Captioned web image data
● ● ●
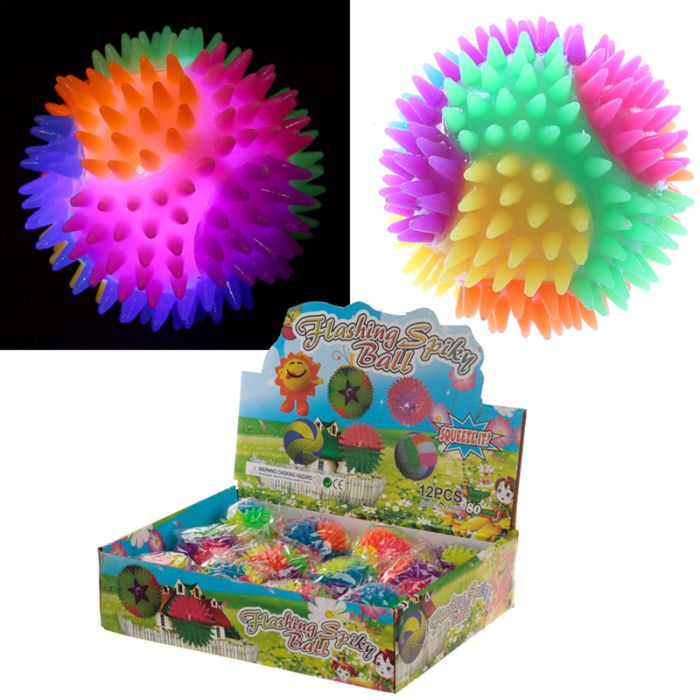 Taggig Studsboll med LED 7cm
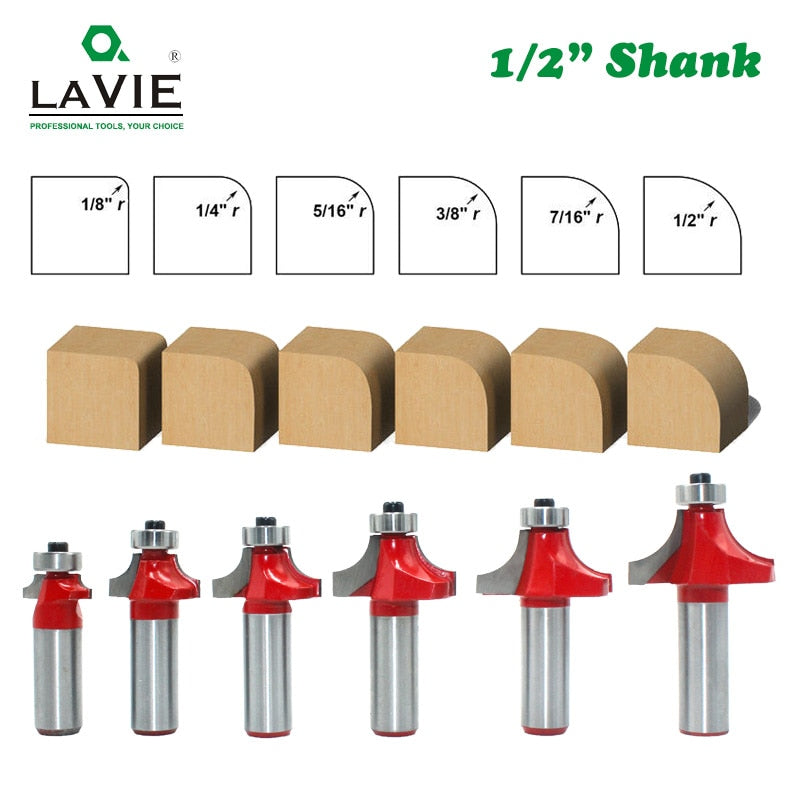 6pcs 12mm 1/2" Shank Corner Round Over and Beading Edging Router Bit Set C3 Carbide Tipped Tenon Cutter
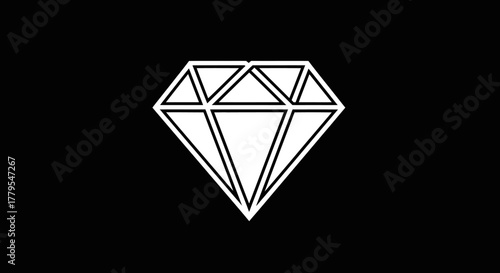 A minimalist white diamond outline on a solid black background, symbolizing luxury and value.
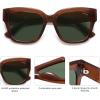 imageSOJOS Trendy Polarized Square Sunglasses WomensRetro Oversized Women Thick Sun Glasses SJ2217Milky BrownGreen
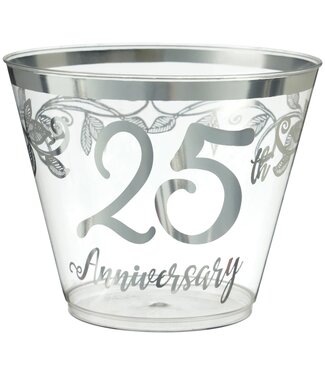 Amscan Happy 25th Anniversary Tumblers, 9 oz.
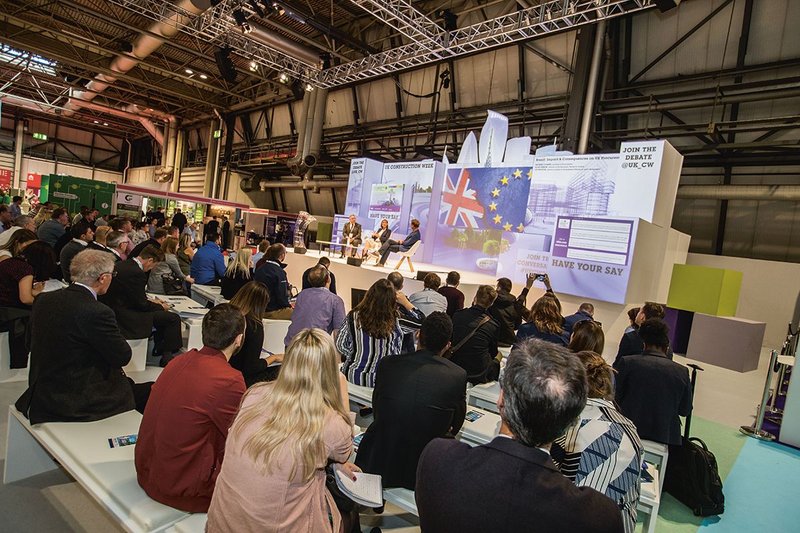 The main stage at UK Construction Week 2018.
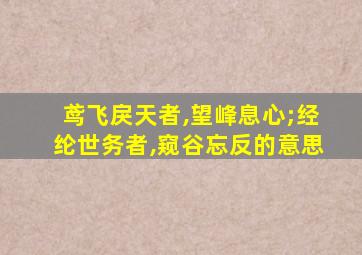 鸢飞戾天者,望峰息心;经纶世务者,窥谷忘反的意思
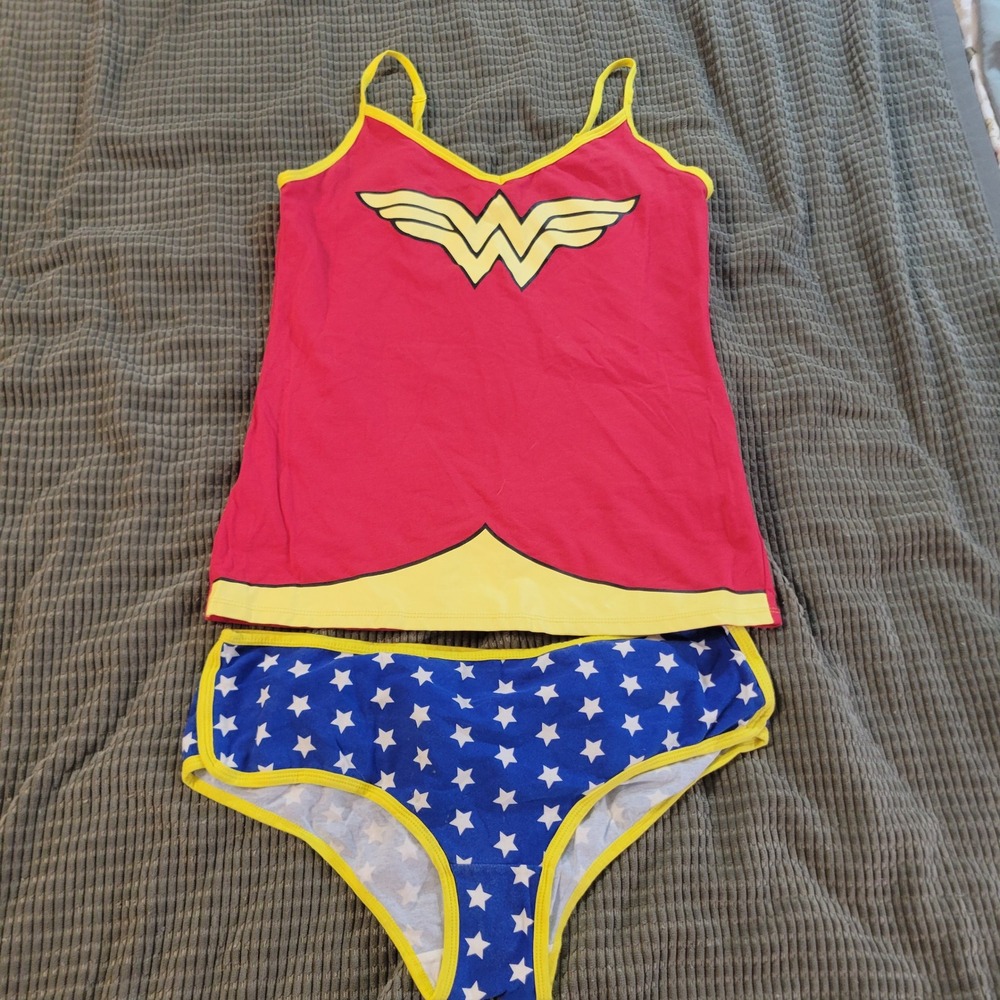 Wonder Woman Women Cami Panty Set XL Red Blue Cotton Star Superhero Loungewear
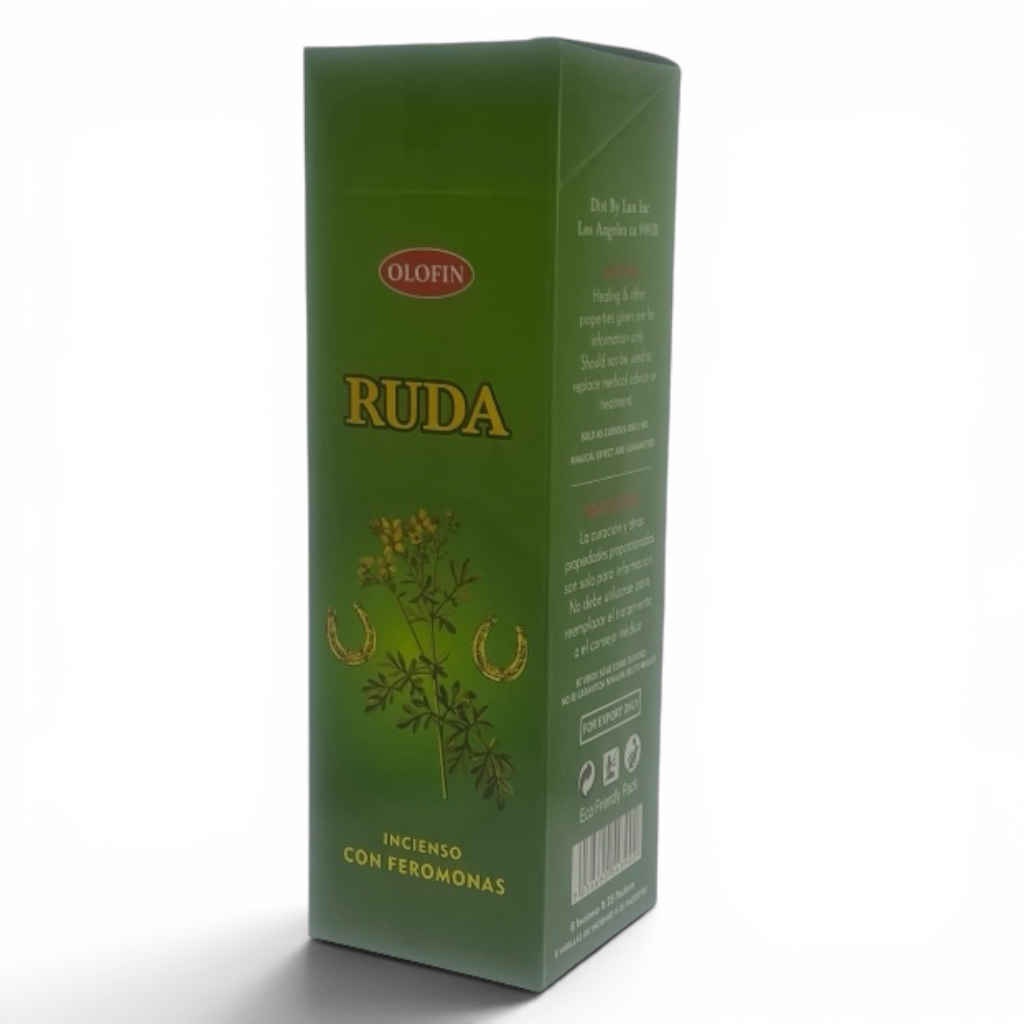 A green rectangular box of Olofin Ruda incienso con feromonas, featuring gold lettering and a botanical illustration on a white background.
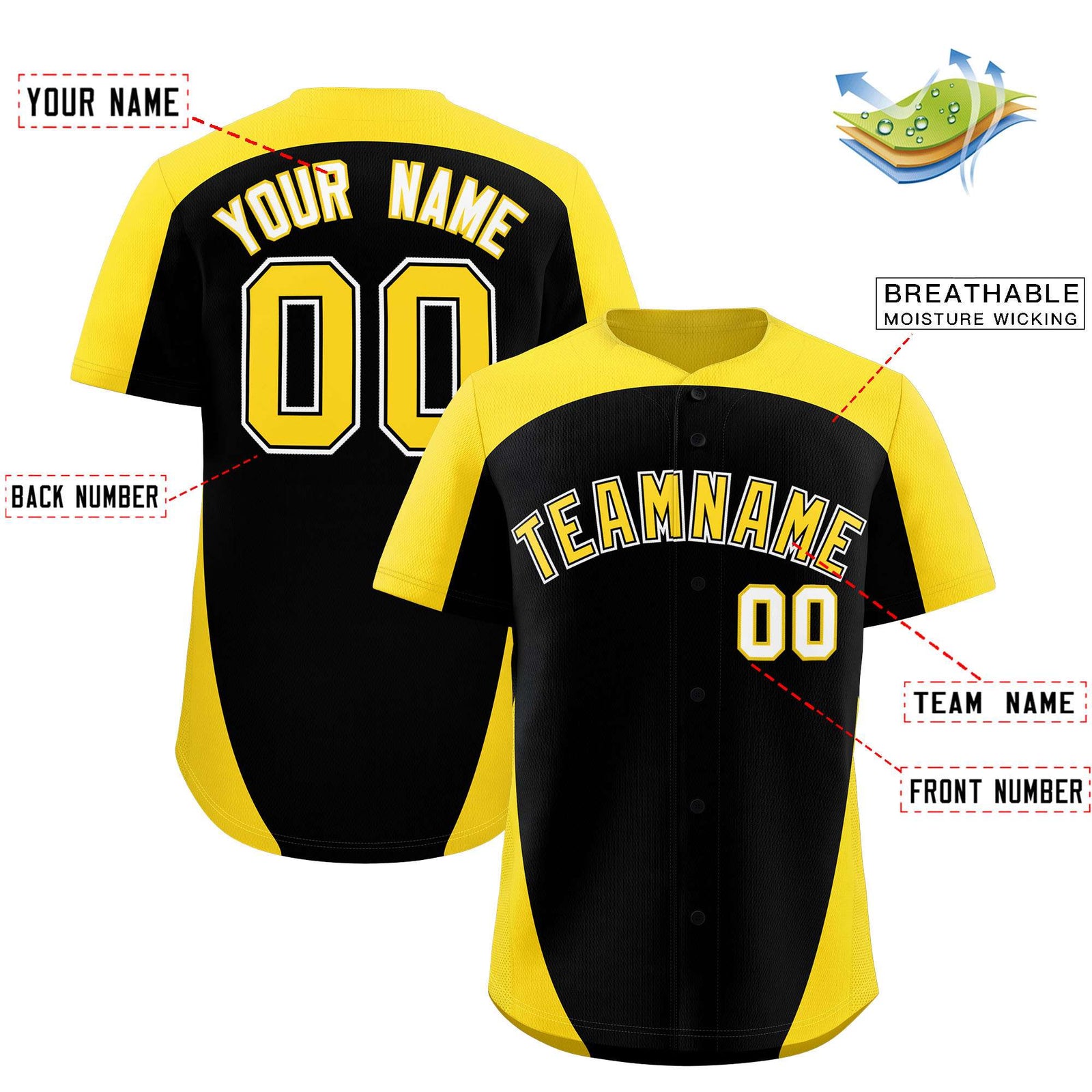 Custom Black Gold Personalized Edge Color Block Authentic Baseball Jersey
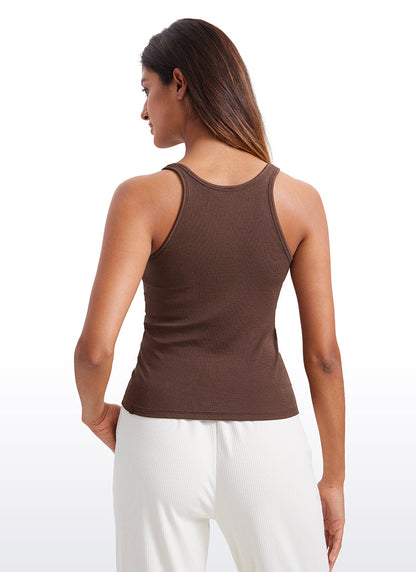 Ribbed Waist Length Modal Racerback Tank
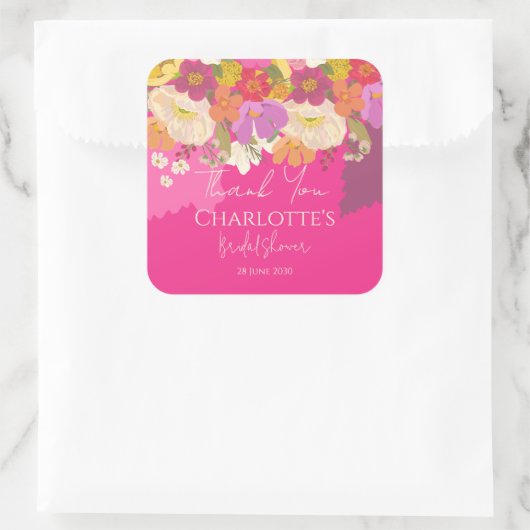 Tuin Bloem Roze Bruidsfeest Bedankt Vierkante Sticker (Tas)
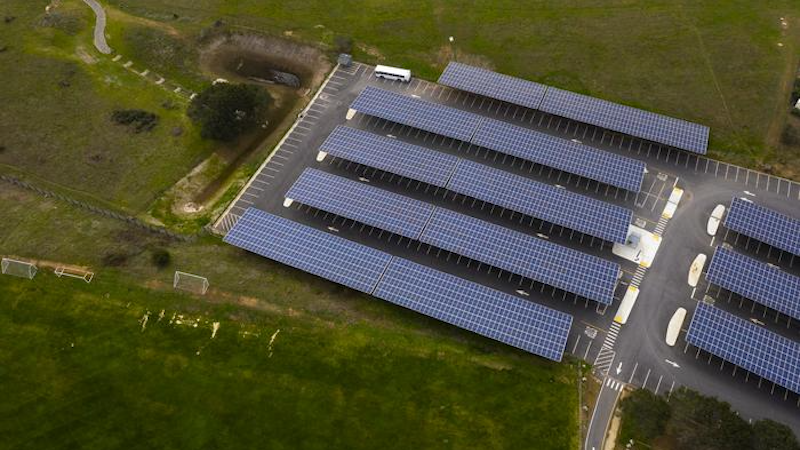 Microgrids can take advantage of local renewable energy sources such as rooftop solar panels or small wind turbines to restore power in outages. CREDIT: Nick Gonzales, UC Santa Cruz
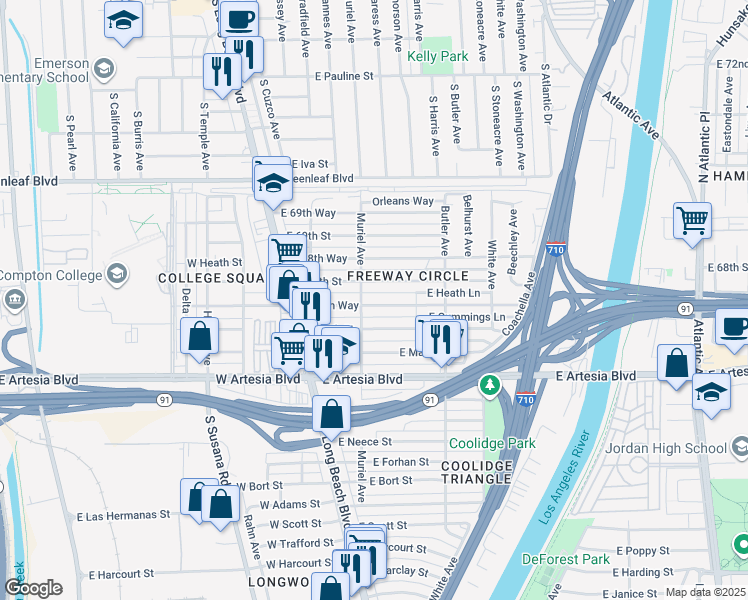 map of restaurants, bars, coffee shops, grocery stores, and more near 211 East 67th Way in Long Beach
● ● ●
Work instructions:
An exact copy of the data above is required, printed without its pictures.

Exercise result:
 Taggig Studsboll med LED 7cm
 6pcs 12mm 1/2" Shank Corner Round Over and Beading Edging Router Bit Set C3 Carbide Tipped Tenon Cutter
 A minimalist white diamond outline on a solid black background, symbolizing luxury and value.
 imageSOJOS Trendy Polarized Square Sunglasses WomensRetro Oversized Women Thick Sun Glasses SJ2217Milky BrownGreen
 Amscan Happy 25th Anniversary Tumblers, 9 oz.
 The main stage at UK Construction Week 2018.
 鸢飞戾天者,望峰息心;经纶世务者,窥谷忘反的意思
 Wonder Woman Women Cami Panty Set XL Red Blue Cotton Star Superhero Loungewear
 A green rectangular box of Olofin Ruda incienso con feromonas, featuring gold lettering and a botanical illustration on a white background.
 Custom Black Gold Personalized Edge Color Block Authentic Baseball Jersey
 Ribbed Waist Length Modal Racerback Tank
 Tuin Bloem Roze Bruidsfeest Bedankt Vierkante Sticker (Tas)
 Microgrids can take advantage of local renewable energy sources such as rooftop solar panels or small wind turbines to restore power in outages. CREDIT: Nick Gonzales, UC Santa Cruz
 map of restaurants, bars, coffee shops, grocery stores, and more near 211 East 67th Way in Long Beach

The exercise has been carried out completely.